● TASK ITEM
The copy you return must match the listing word for word and carry no pictures.

[[ GIVEN DATA open ]]

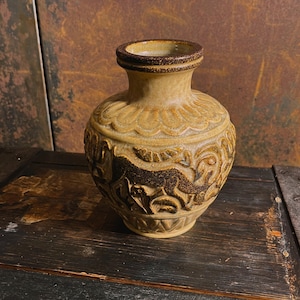 Peut inclure: Un petit vase en céramique avec un glaçage brun et beige. Le vase a un corps rond et un col étroit. Il est décoré d'un motif en relief de fleurs et de feuilles stylisées.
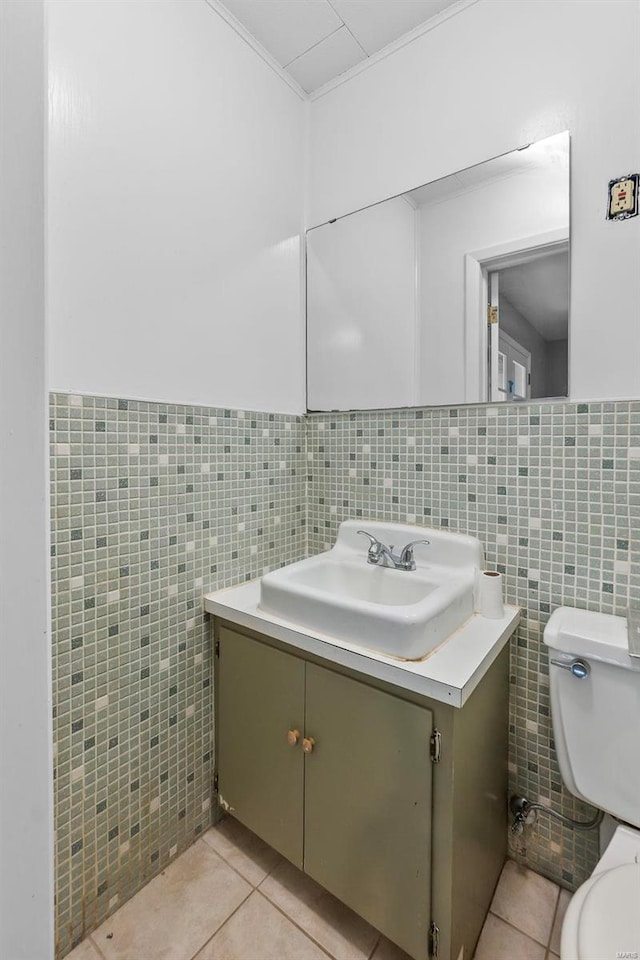 bathroom with vanity, tile patterned floors, toilet, and tile walls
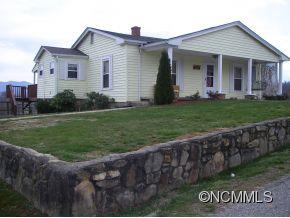 282 Phillipsville Loop Canton, NC 28716 - Photo 19 of 19 a front view of a house with a yard
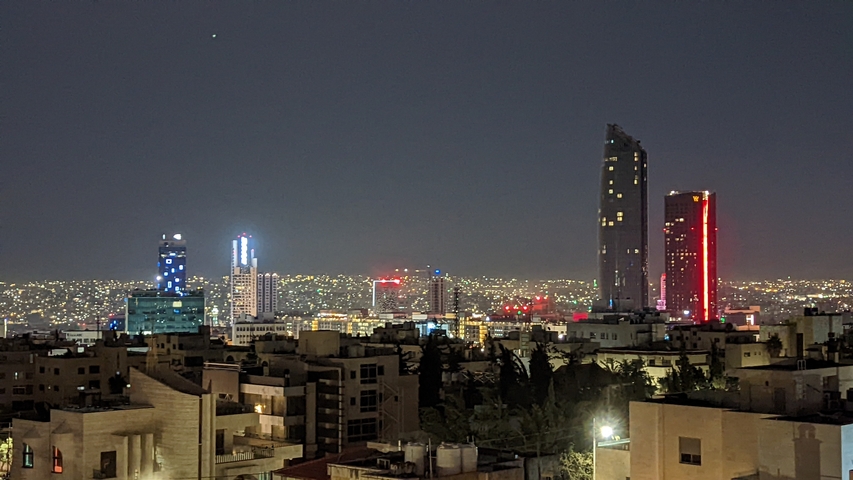 Modern skyscrapers illuminated at night in a cityscape.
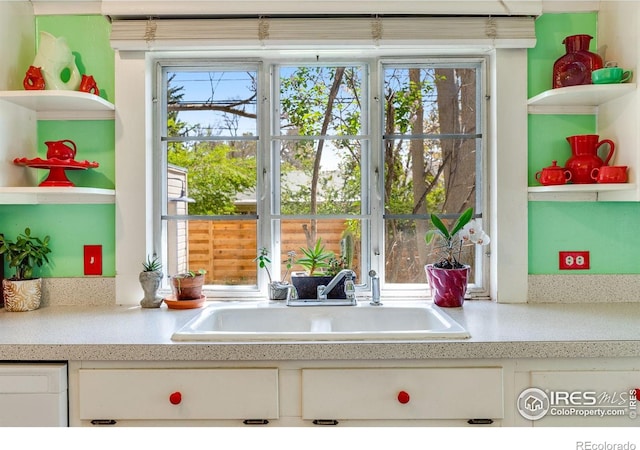 interior details with open shelves, a sink, white cabinets, and light countertops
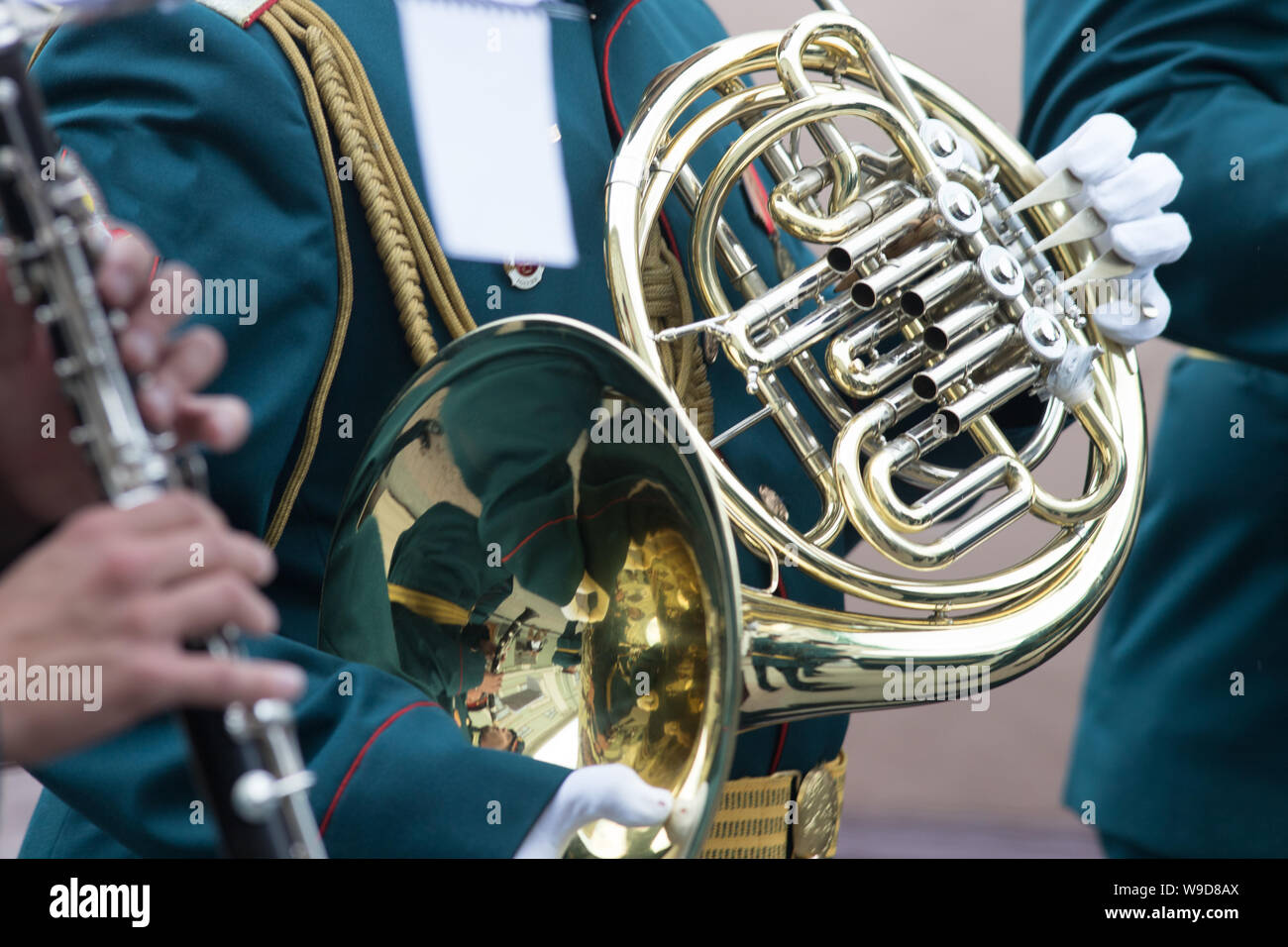 A wind instrument parade - a man in green costume playing french horn Stock Photo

[[ GIVEN DATA closed ]]

● RESULT BELOW
 Peut inclure: Un petit vase en céramique avec un glaçage brun et beige. Le vase a un corps rond et un col étroit. Il est décoré d'un motif en relief de fleurs et de feuilles stylisées.
 bathroom with vanity, tile patterned floors, toilet, and tile walls
 282 Phillipsville Loop Canton, NC 28716 - Photo 19 of 19 a front view of a house with a yard
 Modern skyscrapers illuminated at night in a cityscape.
 interior details with open shelves, a sink, white cabinets, and light countertops
 A wind instrument parade - a man in green costume playing french horn Stock Photo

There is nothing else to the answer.